Two other interesting myths that the household incomes data refute are:
NJ is losing wealthy residents.
Income Tier — 1999 Households — 2013 Households
$100,000 to $149,999 — 391,123 — 530,664
$150,000 to $199,999 — 130,492 — 260,456
$200,000 or more — 132,837 — 307,802
Significantly more adult children are living with their parents.
Average NJ household size in the 2000 Census was 2.68
Average NJ household size in the 2013 ACS was 2.74
Wealthy residents may be leaving, but it sure doesn’t seem to be negatively impacting high income household growth in NJ.
And regarding the increase in household size, we’re talking about 6 additional household members per each 100 households.
In addition, we can’t assume this are adult children, since demographics strongly suggest that some % of these 6 are elderly parents as well.
As well the increase in college enrollment with some % of students living at home during college. This is the fiscally prudent approach in a high cost area.

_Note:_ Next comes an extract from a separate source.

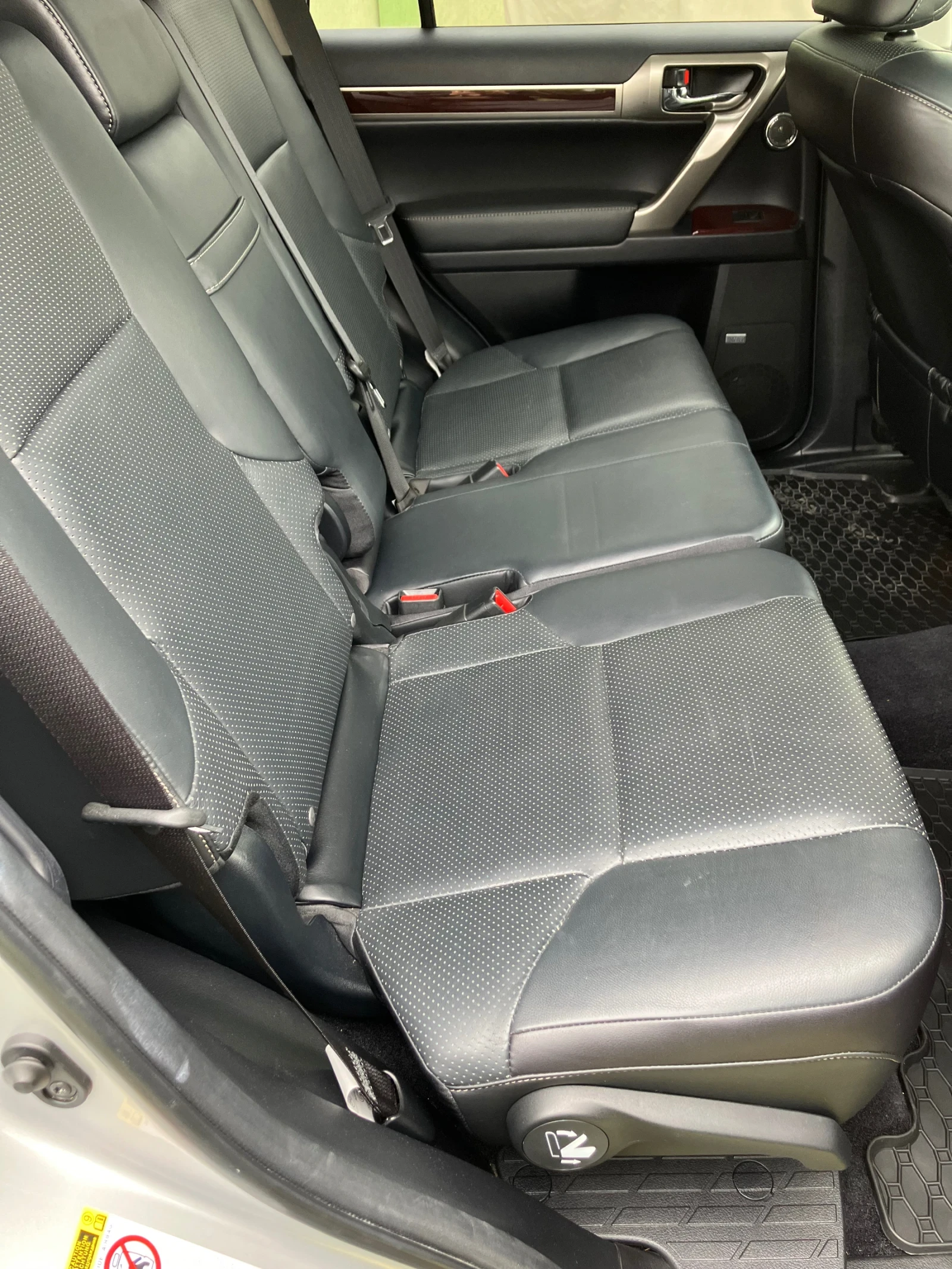 Lexus GX 460 Luxury, снимка 15 - Автомобили и джипове - 54357965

Where’s the data to suggest a huge number of unemployed college graduates living with their parents?
http://www.njherald.com/story/27337738/studies-millennials-moving-out
Studies: Millennials moving out
Posted: Nov 09, 2014 4:04 PM EST
Updated: Nov 09, 2014 4:19 PM EST
Related Links
Sussex County Economic and Demographic Profile
Economic Development in Sussex County
By BRUCE A. SCRUTON
bscruton@njherald.com
Sussex County has gone from “the country place to move to” in the last half of the 20th century, to “the last place to move to” for the millennials, the generation of 20-29 year olds that sees themselves reflected by the 24/7-lifestyle of urban areas.
Such is the shared conclusion of a pair of economic studies that will be presented to the Sussex County Board of Chosen Freeholders during a special presentation at 4:30 p.m. Wednesday at the county Administrative Center, 1 Spring St.

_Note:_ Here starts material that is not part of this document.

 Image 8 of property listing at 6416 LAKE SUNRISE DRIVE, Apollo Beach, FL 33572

The presentation will take place just before the board’s regular 5 p.m. business meeting.
One report is a continuing draft and review study, prepared under a grant from Together North Jersey and written by James W. Hughes, Joseph J. Seneca and Will Irving, and Edward J. Bloustein School of Planning and Public Policy at Rutgers University.
The second report is the work of Econsult Solutions, McCormick Taylor and Mercer Planning Associates and is funded by grants from the federal Department of Housing and Urban Development and Department Transportation through the North Jersey Transportation Planning Authority, which covers the 13 northern county of New Jersey.

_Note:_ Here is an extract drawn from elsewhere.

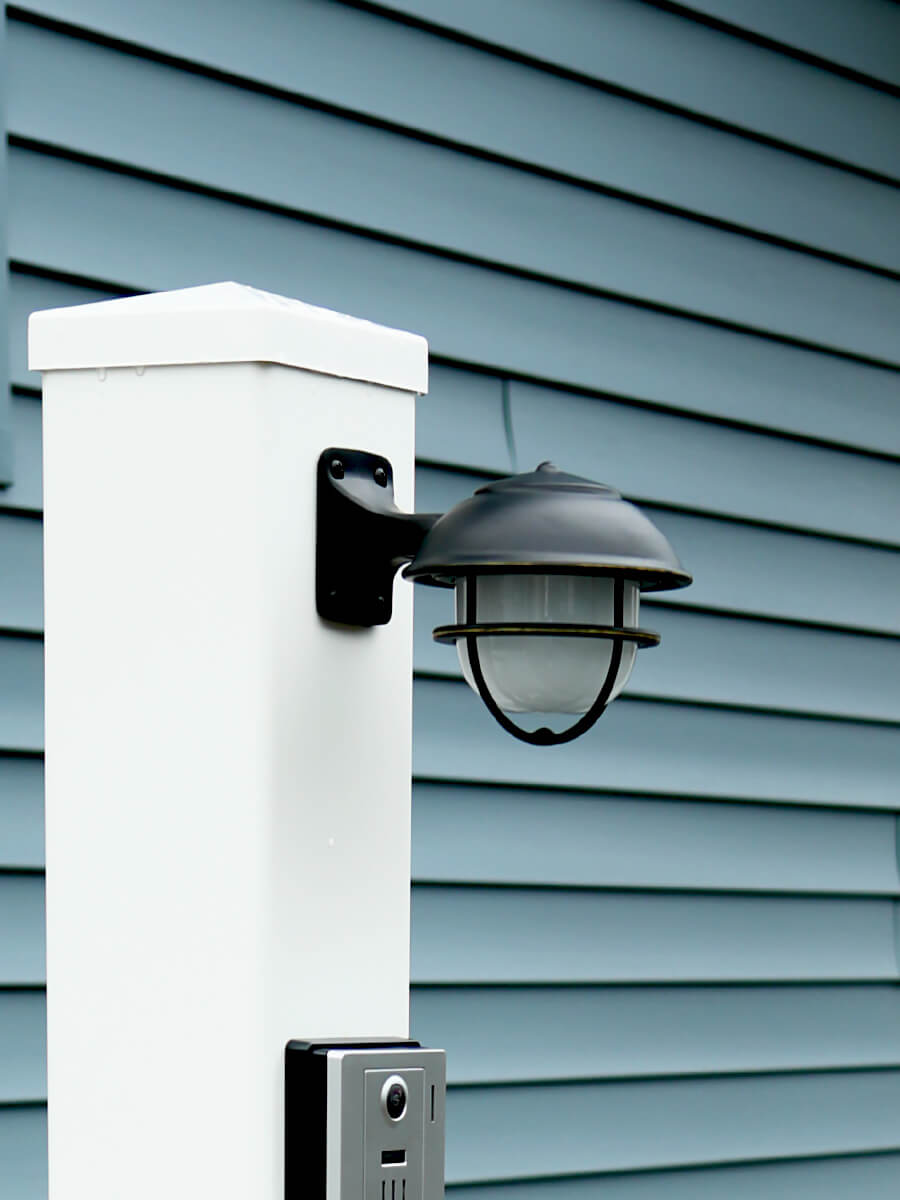 門柱上部に設置した照明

The Hughes-Seneca-Irving report is a study of statistical data of the region, focusing on Sussex County and its relation to the dozen other counties as well as New York City and the state.
The report paints demographic pictures of how Sussex County led the suburbanization of rural areas in the latter half of the 20th century and now leads in the retrenchment of that expansion.
The second report uses much of the same demographic data but paints it on a planning canvas of what it appears the county’s municipalities, and the state agencies, should be looking at as the ripples of expansion retreat to the urban areas.
It is that draw back to the cities — New York City now creates more jobs after falling behind New Jersey in each decade since 1950 — that will hurt much of the county since the area lacks the things attractive to the millenials.
Open space vs. millenials
The planning document is broken down into several areas, such as housing, land use and design, tourism, transportation and workforce.
Each of the sections contains a chart of strengths, weaknesses, opportunities and threats and discusses each area potential.
As an example, when it comes to land use, each municipality is on its own, the report notes, when good planning should be on a regional or multi-town level.
“The county doesn’t really have much say in all this,” said County Administrator John Eskilson. “The power to plan is at the local level with oversight — some would say roadblocks — from the state.”
And the report does indeed take the state Department of Environmental Protection to task for some of its decisions and the length of time it takes to wade through the state regulations placed on development.
The report notes there is a double-edged sword in the county’s future. On one edge is the county’s amount of open space and protected parkland, the kind of environment the millenials want when they go on their two- or three-day mini-vacations.
But building an economy on tourism also leads to a lot of lower paying, part-time and seasonal jobs.
New Jersey leads the nation in the percentage of revenue from agritourism, the report notes, but adds there is “limited profitability” in agritourism.
The document notes one of the largest employers in the county is the Crystal Springs resort with its hotels, restaurants and golf courses.
The planners also noted there is a definite lack of good transportation both within the county, helping the lower economic classes get to jobs because they don’t have a car, and for those who commute out of county. Sussex County residents have the longest commute of any county in the state, more than 37 minutes average.
The rural nature of the county is proven in other parts of the report.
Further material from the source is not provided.